Directions for this task
Exact copy, no pictures: set down the lines from the one holding "hicham au Vidéo" through the final line of the records below.

[Crawled caption data]

>>>

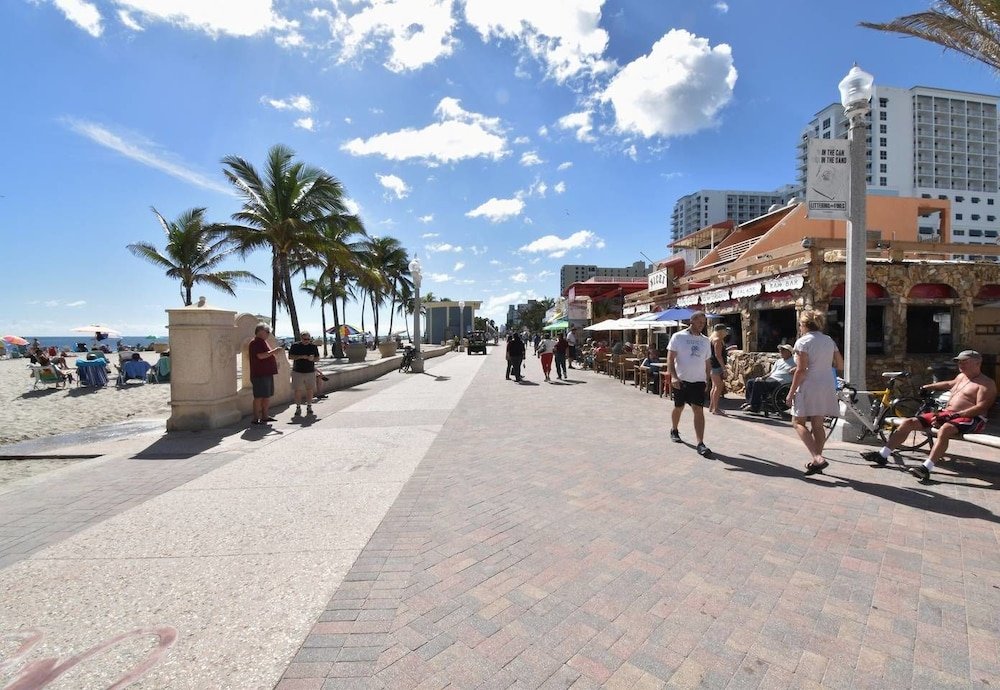 Фото Sun Beach Inn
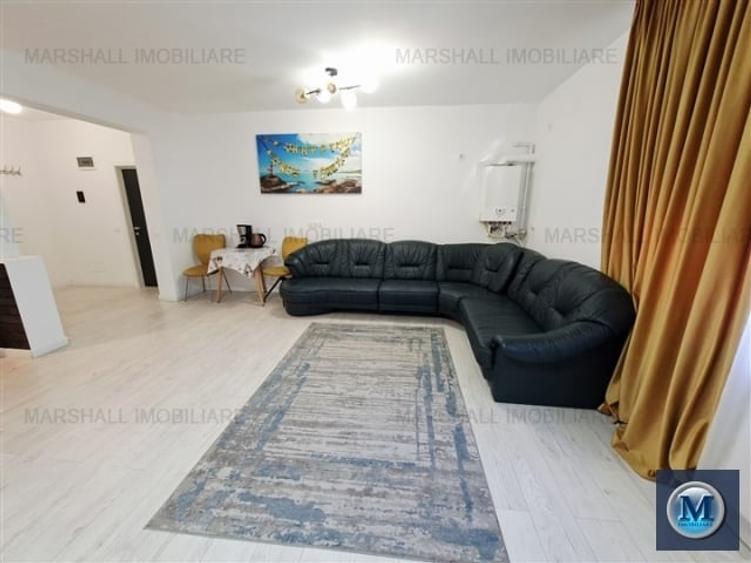 Apartament cu 3 camere decomandat în Sud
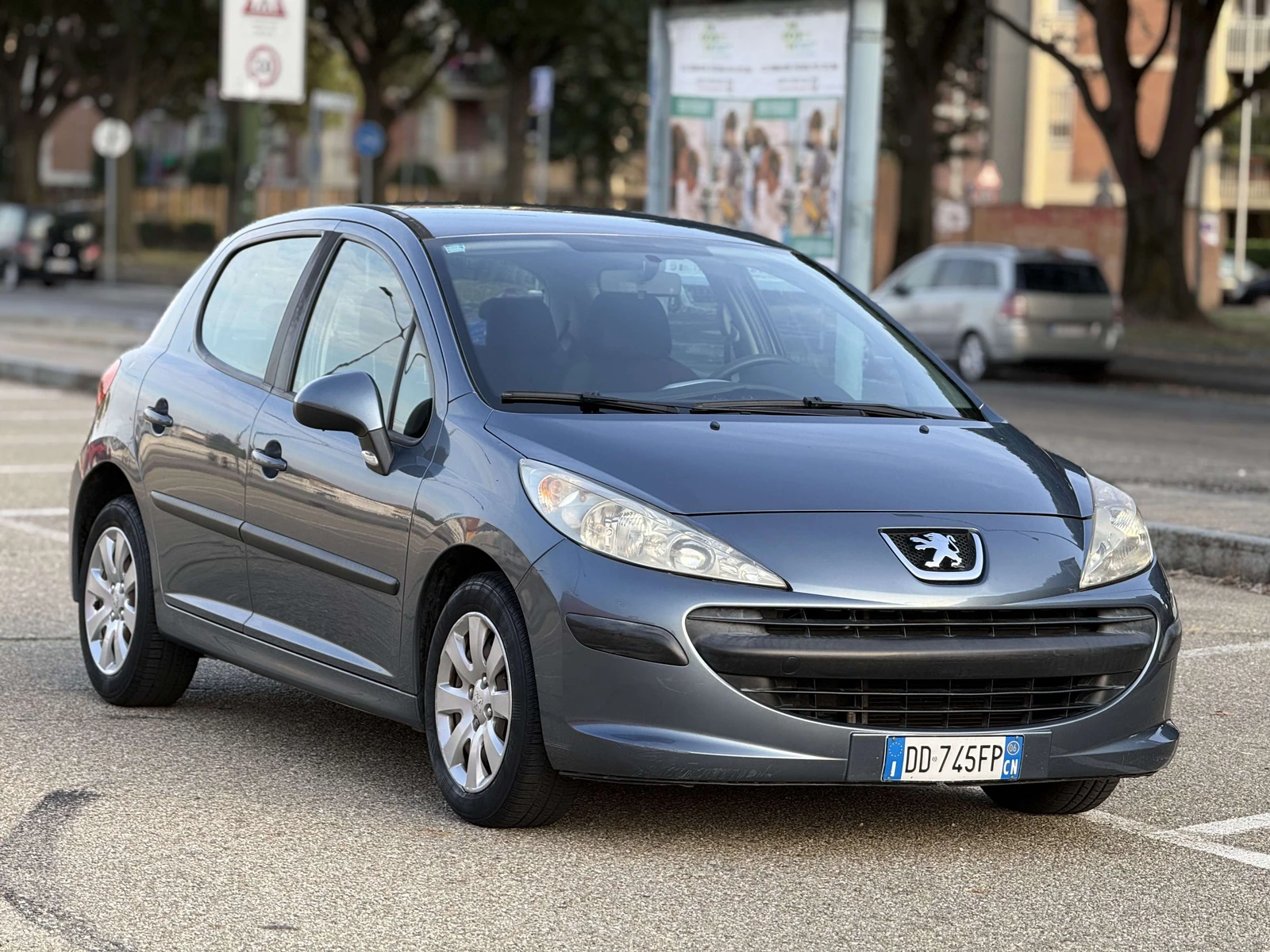 Peugeot 207
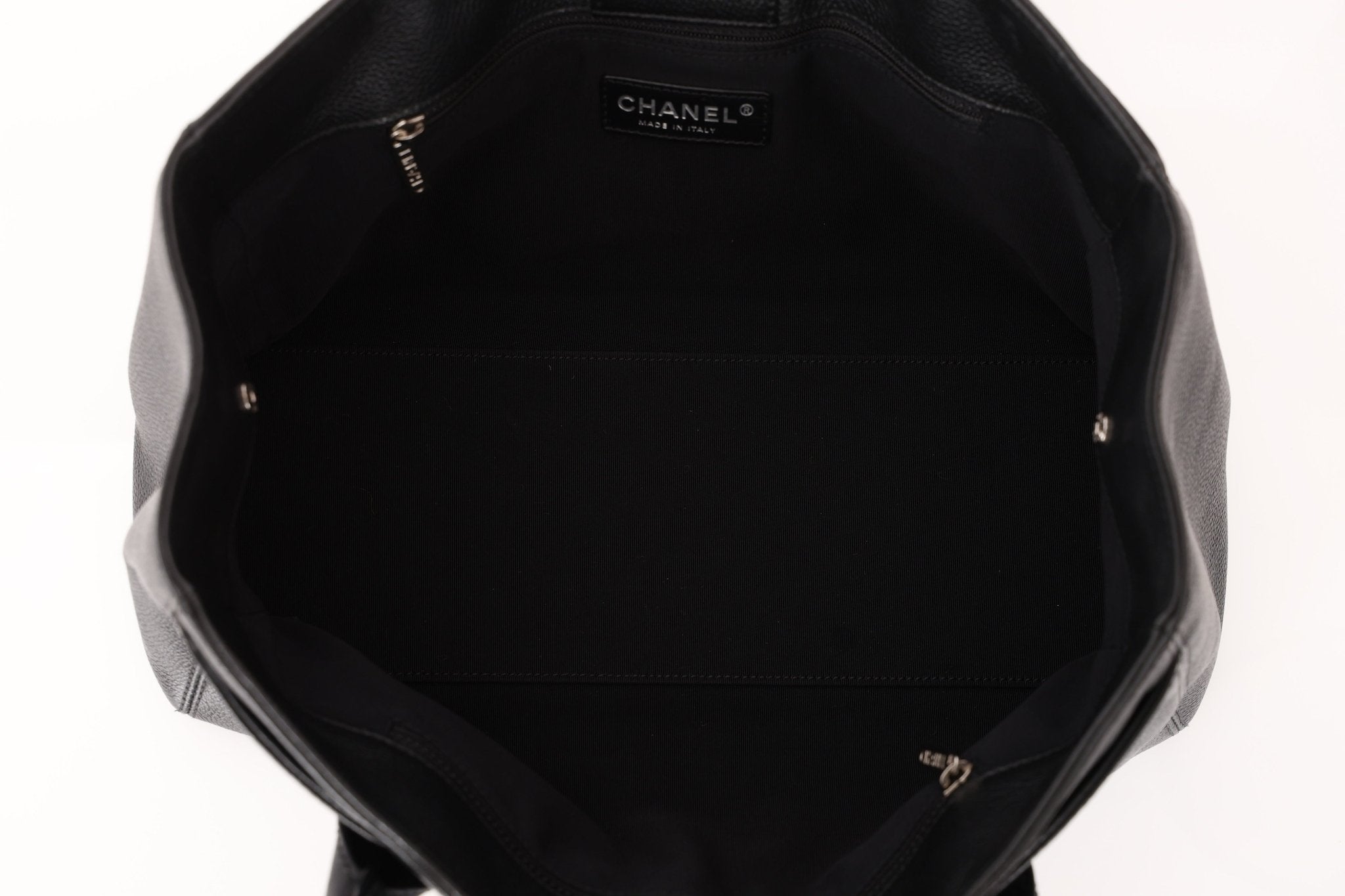 Chanel 2014 Caviar Black Cerf Executive East West Small Tote - FashioNica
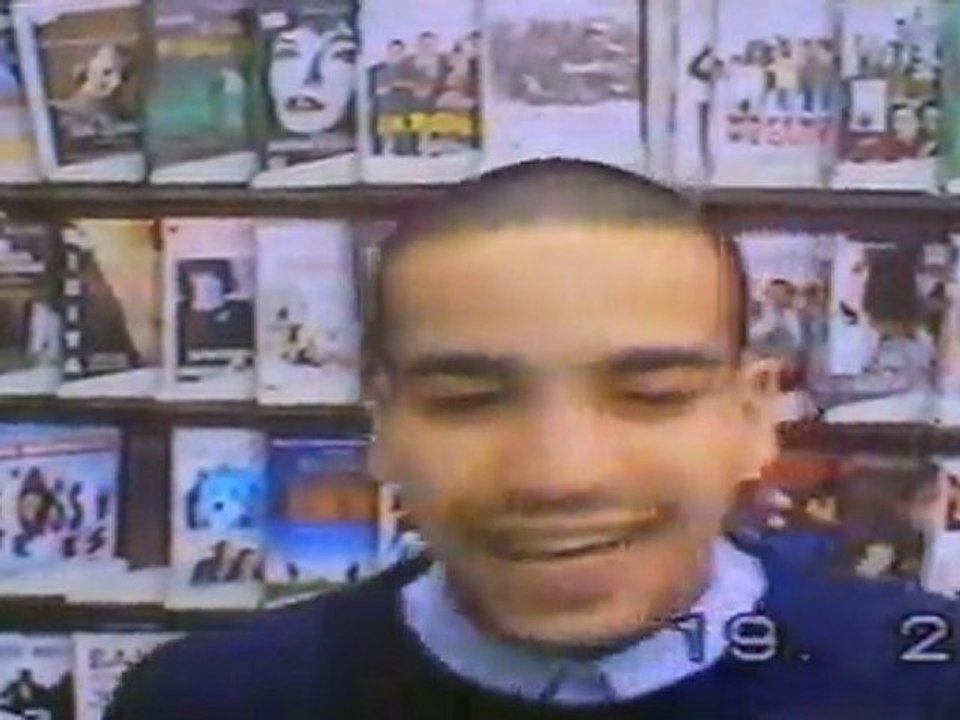 hicham au Vidéo Club "Danee's Vidéo" !!!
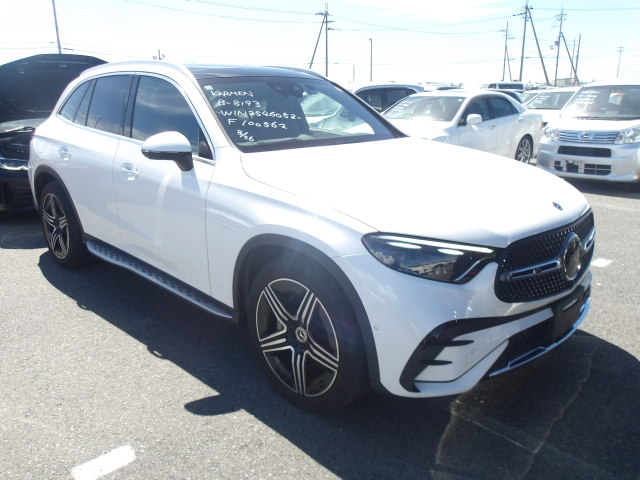 Mercedes Benz GLC-class 2023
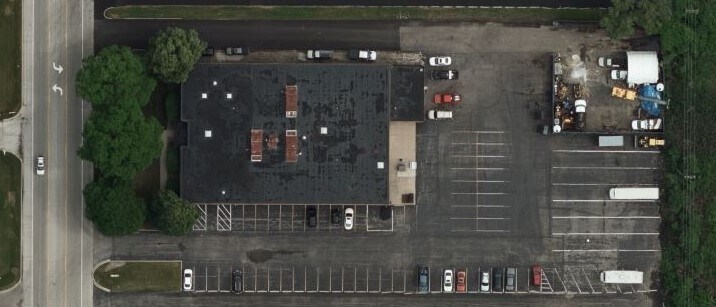 More Photos Of 405 S Washington Blvd, Mundelein Office For Sale
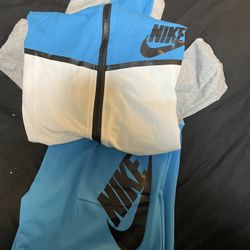 NWT NIKE TECH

<<<

The completed task
 hicham au Vidéo Club "Danee's Vidéo" !!!
 Mercedes Benz GLC-class 2023
 More Photos Of 405 S Washington Blvd, Mundelein Office For Sale
 NWT NIKE TECH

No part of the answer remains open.